Matrix Multiplication with Individual Elements

$M =\begin{bmatrix}a_1&b_1\\c_1&d_1\end{bmatrix} \begin{bmatrix}a_2&b_2\\c_2&d_2\end{bmatrix} =\begin{bmatrix}a_1a_2+b_1c_2&a_1b_2+b_1d_2\\c_1a_2+d_1c_2&c_1b_2+d_1d_2\end{bmatrix} .$

$M =\begin{bmatrix}\begin{pmatrix}a_1\\c_1\end{pmatrix}&\begin{pmatrix}b_1\\d_1\end{pmatrix}\end{bmatrix} \begin{bmatrix}a_2&b_2\\c_2&d_2\end{bmatrix} =\begin{bmatrix} \begin{pmatrix}a_1\\c_1\end{pmatrix}a_2+\begin{pmatrix}b_1\\d_1\end{pmatrix}c_2& \begin{pmatrix}a_1\\c_1\end{pmatrix}b_2+\begin{pmatrix}b_1\\d_1\end{pmatrix}d_2 \end{bmatrix} =\begin{bmatrix} \begin{pmatrix}a_1a_2+b_1c_2\\c_1a_2+d_1c_2\end{pmatrix}& \begin{pmatrix}a_1b_2+b_1d_2\\c_1b_2+d_1d_2\end{pmatrix} \end{bmatrix} .$

$M =\begin{bmatrix}a_1&b_1\\c_1&d_1\end{bmatrix} \begin{bmatrix}\begin{pmatrix}a_2&b_2\end{pmatrix}\\\begin{pmatrix}c_2&d_2\end{pmatrix}\end{bmatrix} =\begin{bmatrix} a_1\begin{pmatrix}a_2&b_2\end{pmatrix}\\+b_1\begin{pmatrix}c_2&d_2\end{pmatrix}\\\\ c_1\begin{pmatrix}a_2&b_2\end{pmatrix}\\+d_1\begin{pmatrix}c_2&d_2\end{pmatrix} \end{bmatrix} =\begin{bmatrix} \begin{pmatrix}a_1a_2+b_1c_2&a_1b_2+b_1d_2\end{pmatrix}\\ \begin{pmatrix}c_1a_2+d_1c_2&c_1b_2+d_1d_2\end{pmatrix} \end{bmatrix} .$

$M= \begin{bmatrix}\begin{pmatrix}a_1\\c_1\end{pmatrix}&\begin{pmatrix}b_1\\d_1\end{pmatrix}\end{bmatrix} \begin{bmatrix}\begin{pmatrix}a_2&b_2\end{pmatrix}\\\begin{pmatrix}c_2&d_2\end{pmatrix}\end{bmatrix} =\begin{pmatrix}a_1\\c_1\end{pmatrix}\begin{pmatrix}a_2&b_2\end{pmatrix} +\begin{pmatrix}b_1\\d_1\end{pmatrix}\begin{pmatrix}c_2&d_2\end{pmatrix} =\begin{bmatrix}a_1a_2&a_1b2\\c_1a_2&c_1b_2\end{bmatrix} +\begin{bmatrix}b_1c_2&b_1d2\\d_1c_2&d_1d_2\end{bmatrix} .$

Note: The above can be generalised to $\begin{bmatrix} \Ket{\psi_1}~\Ket{\psi_2}~\ldots~\Ket{\psi_n} \end{bmatrix} \begin{bmatrix} \Bra{\phi_1}\\\Bra{\phi_2}\\\vdots\\\Bra{\phi_n} \end{bmatrix} =\sum_{k=1}^n\Ket{\psi_k}\Bra{\phi_k} ,$

which is different from $\left(\sum_{i=1}^n\Ket{\psi_i}\right)\left(\sum_{j=1}^n\Bra{\phi_j}\right) =\sum_{i,j=1}^n\Ket{\psi_i}\Bra{\psi_j} .$ (This does not make much physical sense.)

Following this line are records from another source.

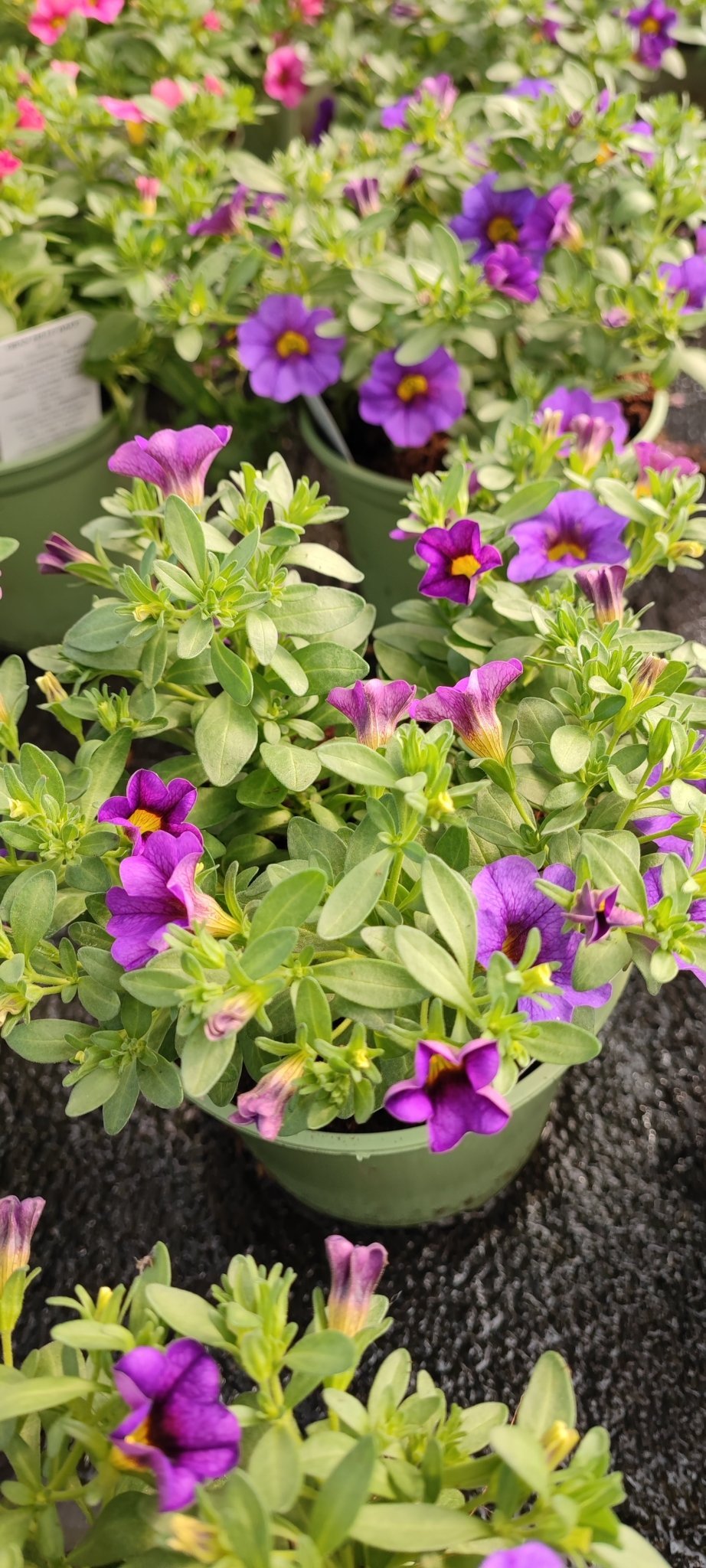 Calibrachoa million bells - ValmaflorValmaflorValmaflorCalibrachoa million bells - ValmaflorValmaflorValmaflorCalibrachoa million bellsRosso12Viola12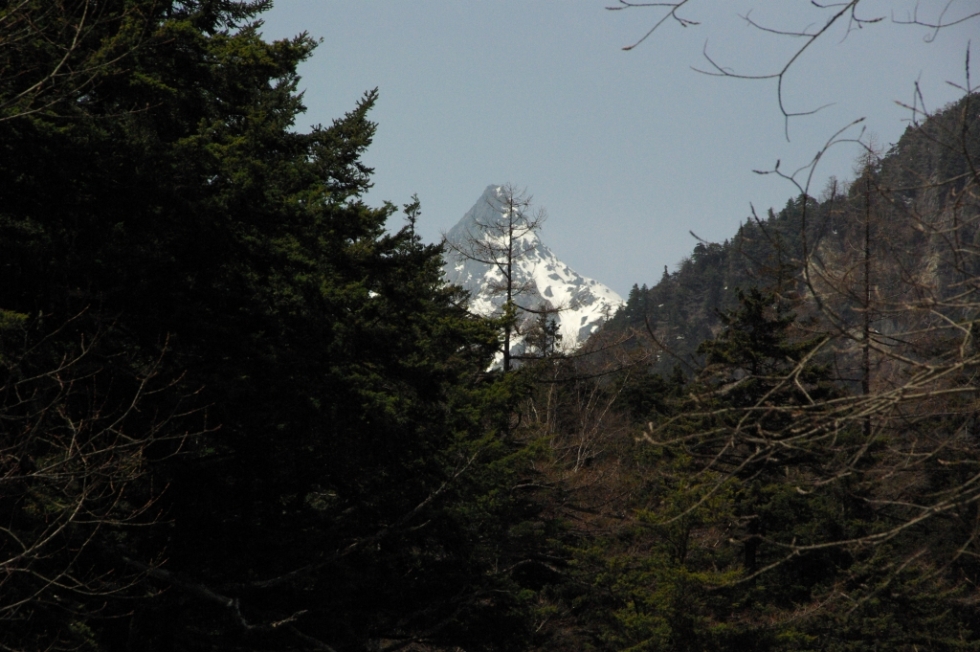b0062024_644825.jpg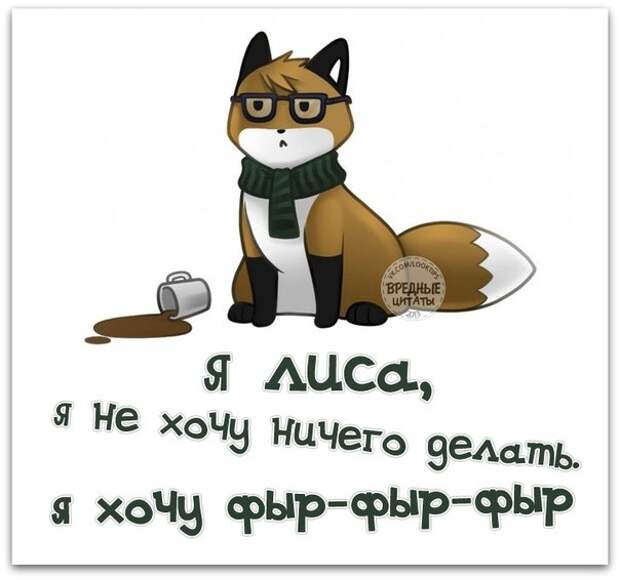 ПРИКОЛЬНЫЕ ФРАЗОЧКИ В КАРТИНКАХ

Multi-Column-Vector Matrix Multiplication

$M=\{\Ket{\psi_1},\Ket{\psi_2},\ldots,\Ket{\psi_n}\} =\sum_{k=1}^n\Ket{\psi_k}\Bra{I_k}$ and $N=\{\Ket{\phi_1},\Ket{\phi_2},\ldots,\Ket{\phi_n}\} =\sum_{k=1}^n\Ket{\phi_k}\Bra{I_k}$,
where $\Bra{I_k}$ is the $k^\mathrm{th}$ row of the $n\times n$ identity matrix $I$.

$M^\dagger=\sum_{k=1}^n\Ket{I_k}\Bra{\psi_k}$ and $N^\dagger=\sum_{k=1}^n\Ket{I_k}\Bra{\phi_k}$, where $\Ket{I_k}$ is the $k^\mathrm{th}$ column of the $n\times n$ identity matrix $I$.

$MN^\dagger=\left(\sum_i\Ket{\psi_i}\Bra{I_i}\right)\left(\sum_j\Ket{I_j}\Bra{\phi_j}\right) =\sum_k\Ket{\psi_k}\Bra{\phi_k} .$

Notes:

1. Only multiply corresponding columns between $M$ and $N$, not all combinations. i.e. Only $n$ multiplications, not $n^2$.

2. There is no need for orthonormality between $\Ket{\psi_i}$ and $\Bra{\phi_j}$. The $\Braket{I_i\Verti I_j}$ will take care of it when $i\ne j$.

3. We use $\Ket{I_k}$ and $\Bra{I_k}$ here to mean rows and columns of $I$, instead of using $\Ket k$ and $\Bra k$ as in some text, because the latter notation generally means a basis vector, not necessarily contained in $I$.